There are questions as to whether the Halifax numbers are a blip or not, potentially connected to new FCA rules coming that will make it harder to access a mortgage. But even the pessimistic Halifax calculations say that UK house prices are 8.5% higher than this time last year. And according to last month’s more “optimistic” (depending on whether you’re already a homeowner or not) Nationwide figures, annual house price growth in the UK is running at 9%. In London, growth is almost double that, running at an annual rate of 18%.
To put this into context, if you are lucky enough to already own an average slice of the London property market (average current house price £363,000), the fastest way to become a millionaire on these rates of house price growth is… to do nothing. In just 7 years’ time, your property would be worth over £1 million, even after taking into account inflation. If you’re a bit less lucky, and only own a smaller slice – say a property currently worth only £250,000, you would have to wait a whole decade. And your property doesn’t have to be in prime central London areas like Kensington and Chelsea. Lambeth, Brent or Hackney would also do pretty well.
Given this it’s unsurprising that the London property market has become a magnet for investors. Where else could you get these sorts of returns? As we know, though, this isn’t great for long-term affordability. To be fair, we may not see a continuation of these growth rates. The FCA’s new rules are forcing lenders to collect more detailed information about those applying for new mortgages, and to make an assessment as to whether they will be able to afford the repayments if interest rates go up. If it becomes harder to get a mortgage, this is likely to dampen house prices growth.
But this just highlights a hard-to-escape conclusion that housing market policy in the UK is all over the place. Whilst the FCA is making it harder to borrow money for a home, the Government is trying to make it easier through its Help to Buy scheme; and the Bank of England is – for the moment – sitting on the side-lines, but assuring us that it is remaining “vigilant”. The trouble with housing, is that all too often, political considerations trump economic and social ones, as the SMF showed in its Politics of Housing.
The justification for Help to Buy – particularly the variant that does not involve encouraging new build – was always built on shaky foundations.
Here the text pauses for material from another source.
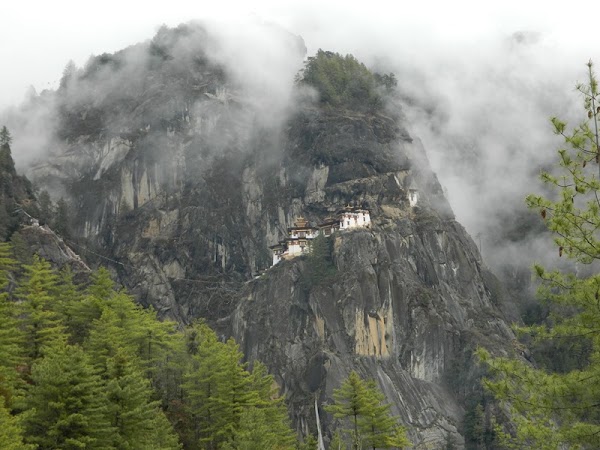 Paro Taktsang (Tiger's Nest Monastery) 5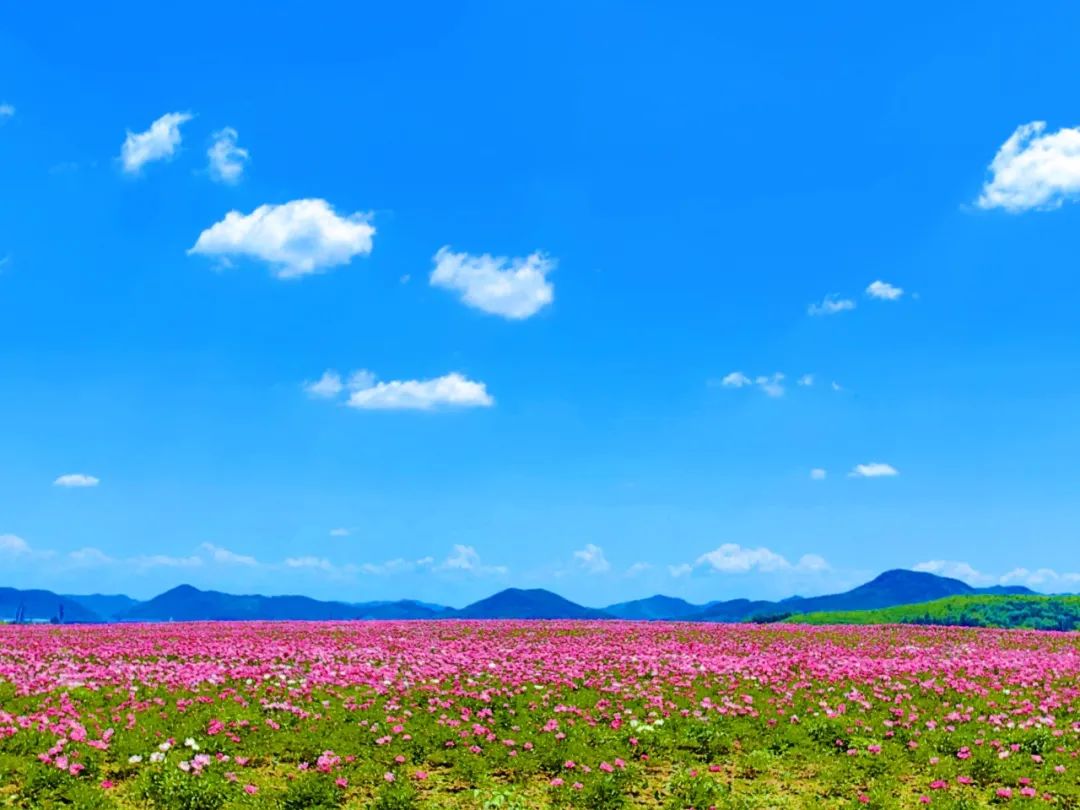 rimi_923's tweet photo. 慈芍忱泌涛にまつわる心温まる一瞬を切り取りました。共に在る幸せが染み渡る、そんな風景です。 https://t.co/ysnczmwypo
The main argument appeared to be that it was important to make it easier to buy a home: but in the long-run, only a boost in house-building will do that, and there are easier and better ways to get more homes built. A secondary argument appeared to be the need to solve short term problems – getting housing market and construction going again after the downturn.
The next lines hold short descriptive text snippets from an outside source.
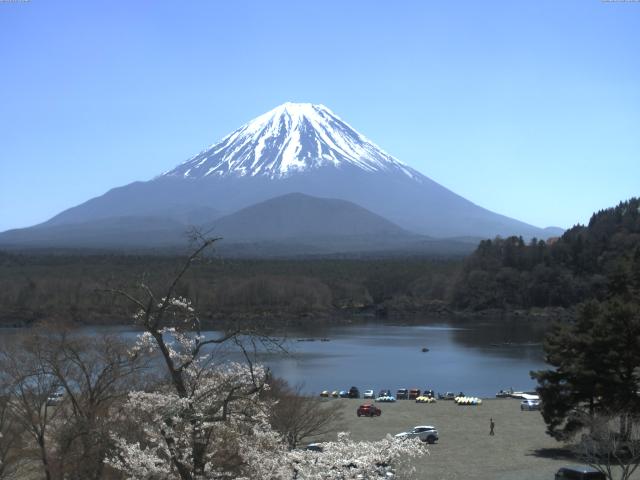 精進湖からの富士山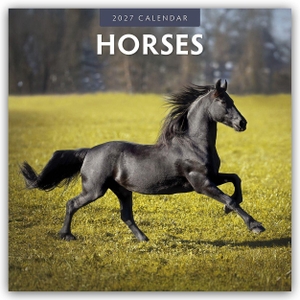 Red, Robin. Horses - Pferde 2027 - 16-Monatskalender - Original Red Robin Publishing Ltd-Kalender [Mehrsprachig] [Kalender]. Browntrout Verlags GmbH, 2026.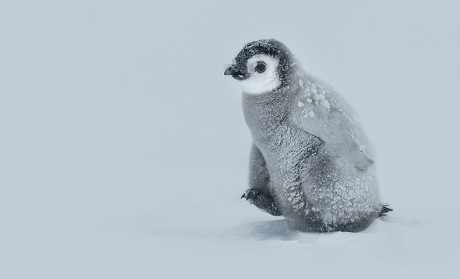 Penguin Chicks Huddle Together Editorial Stock Photo - Stock Image ...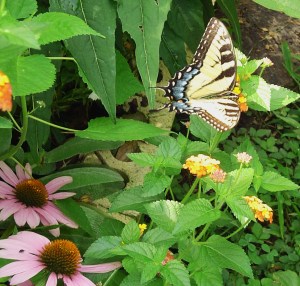A Tiger Swallowtail butterfly on Lantana.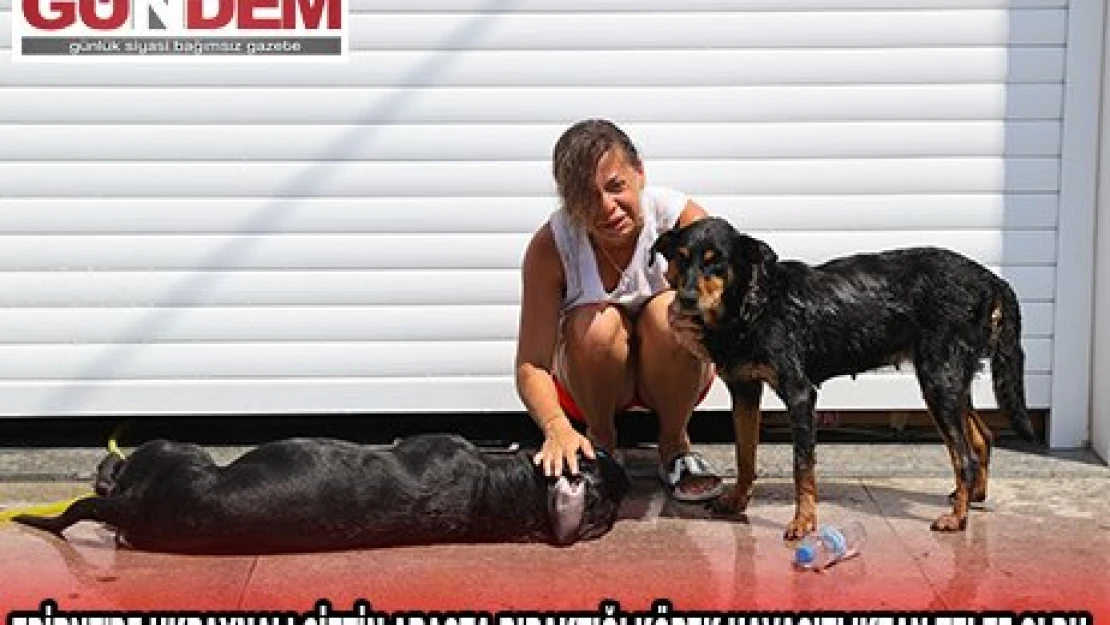 EDİRNE'DE UKRAYNALI ÇİFTİN ARAÇTA BIRAKTIĞI KÖPEK HAVASIZLIKTAN TELEF OLDU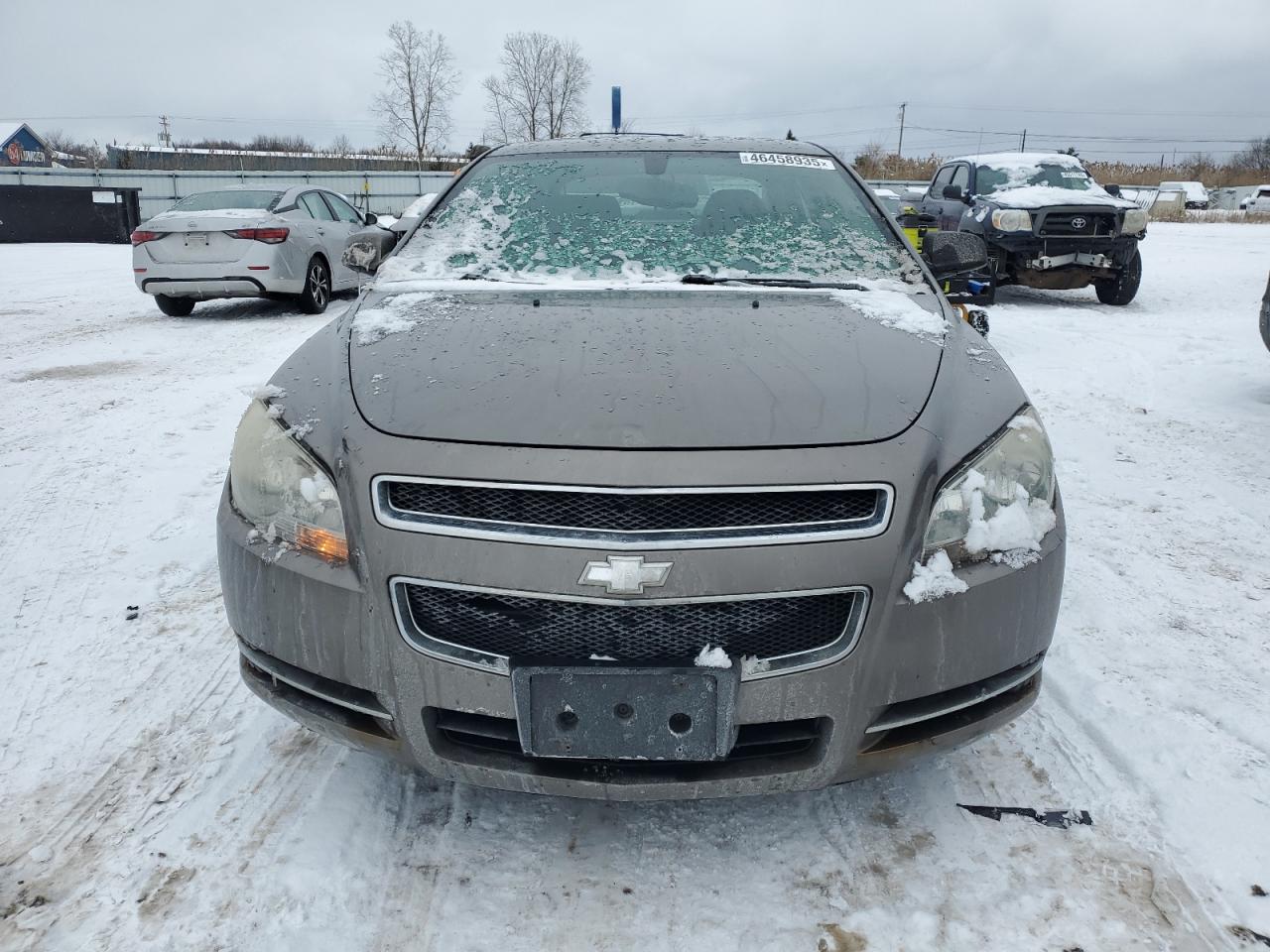 CHEVROLET MALIBU 1LT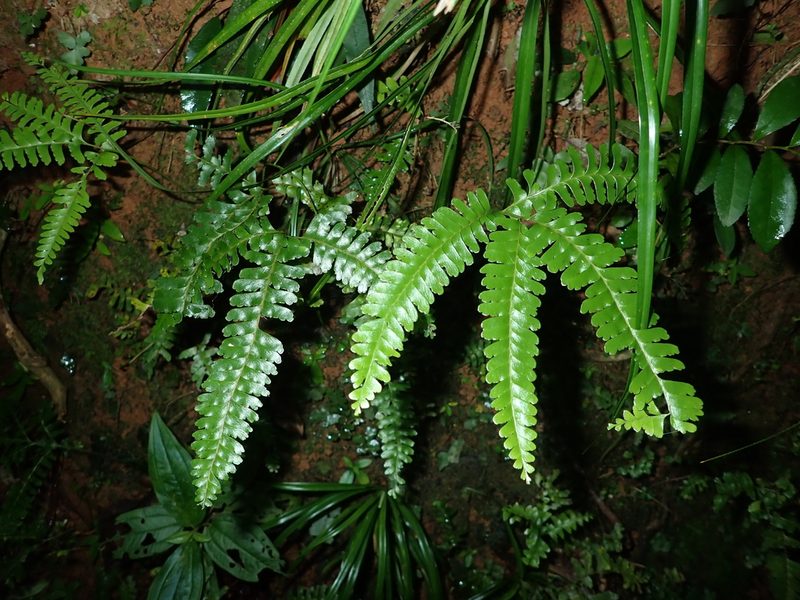 Lindsaea cultrata, photographed by 呂一起(Lyu yi-chi)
But even this argument is looking weaker now that house price growth is picking up, and not only in London. As is often repeated by its proponents, Help to Buy probably is not the main factor driving house price growth, but the very fact that we have such growth suggests that – at best – it’s a policy with no purpose. At worst, it distracts from the types of policies that really will make housing more affordable – building more homes.